What does Flip really do?

BlitzMax Forums/BlitzMax Programming/What does Flip really do?

Fry Crayola(Posted 2006) [#1]
I was playing about with some code, having a look to see where the framerate was taking its biggest hits.

I was a bit surprised to find that the "hit" came at Flip (even when set to Flip 0), rather than any of the drawing operations. In fact, everything else was virtually instant until flip came along.

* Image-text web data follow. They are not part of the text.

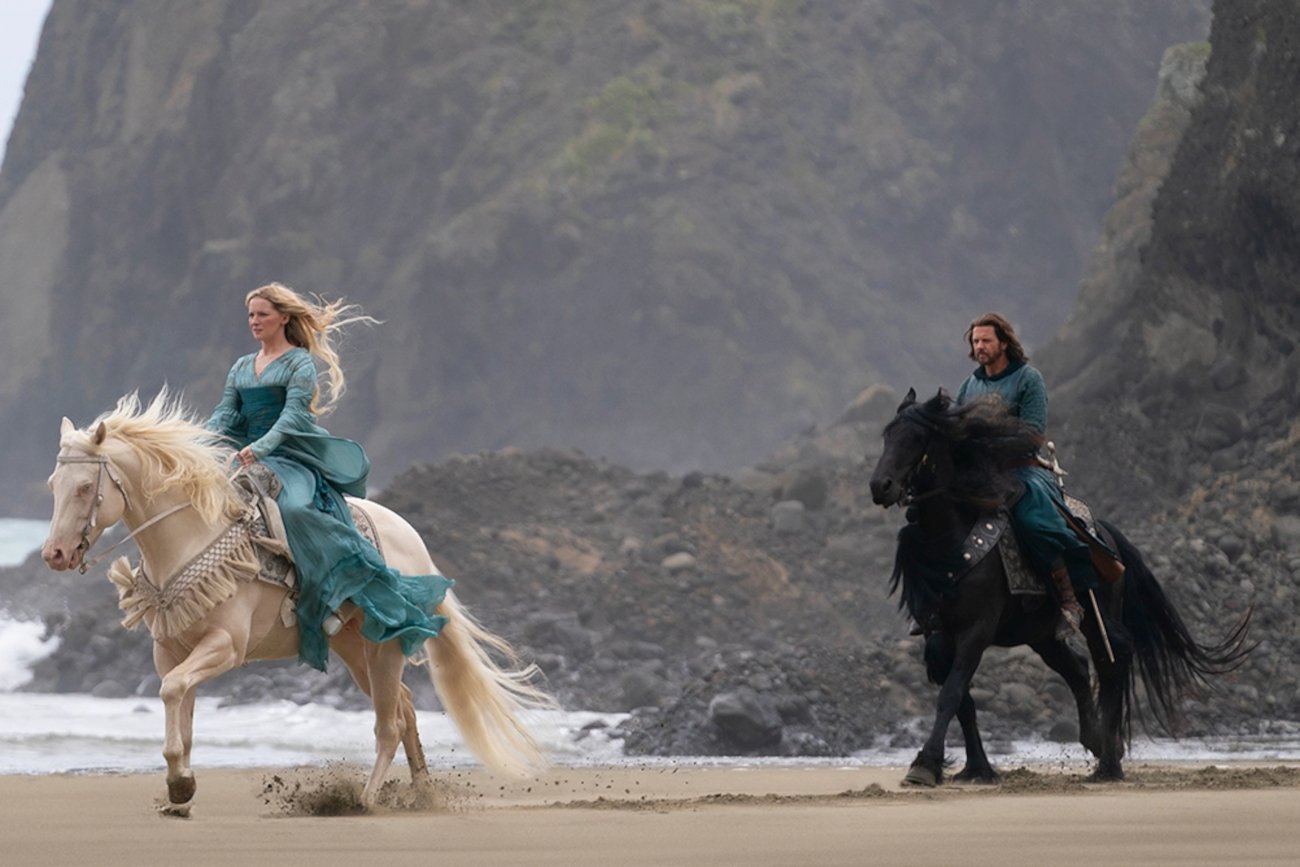 Na planie drugiego sezonu serialu "Władca Pierścieni: Pierścienie Władzy" zmarł koń.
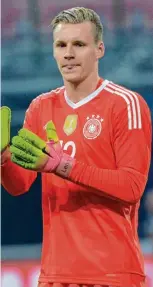  ?? Fotos: Witters ?? Das Luxusprobl­em des deutschen Fußballs: Wer hält die Bälle, wenn Manuel Neuer mal nicht zur Verfügung steht? Marc Andre ter Stegen, Kevin Trapp und Bernd Leno (v.li.) rechnen sich gleicherma­ßen gute Chancen aus.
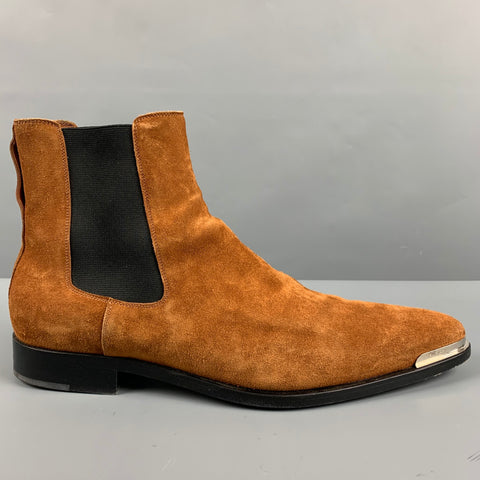GIVENCHY Talla 13 Botas Chelsea de ante color camel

Intriguingly, the more I "draw" earlier in the loop, the longer Flip takes. This is the bit I'm interested in. I'd have thought the act of drawing to the backbuffer would be the time consuming task, with the Flip taking the same length of time regardless of how many objects you've drawn.

It seems not.

I'd love to know what Flip's doing, to see if I can understand what's going on a little better.


H&K(Posted 2006) [#2]
OK, Flip can do one of two things, swap the backbuffer for the frount buffer imediatly Flip 0, or wait for a screen refresh (often 16Milli) Flip 1.

So do flip -1 and see what happens

Flip swap the front and back buffers of the current graphics objects.

If sync is 0, then the flip occurs as soon as possible. If sync is 1, then the flip occurs on the next vertical blank.

If sync is -1 and the current graphics object was created with the Graphics command, then flips will occur at the graphics object's refresh rate regardless of whether or not the graphics hardware supports such a refresh rate.

If sync is -1 and the current graphics object was NOT created with the Graphics command, then the flip will occur on the next vertical blank.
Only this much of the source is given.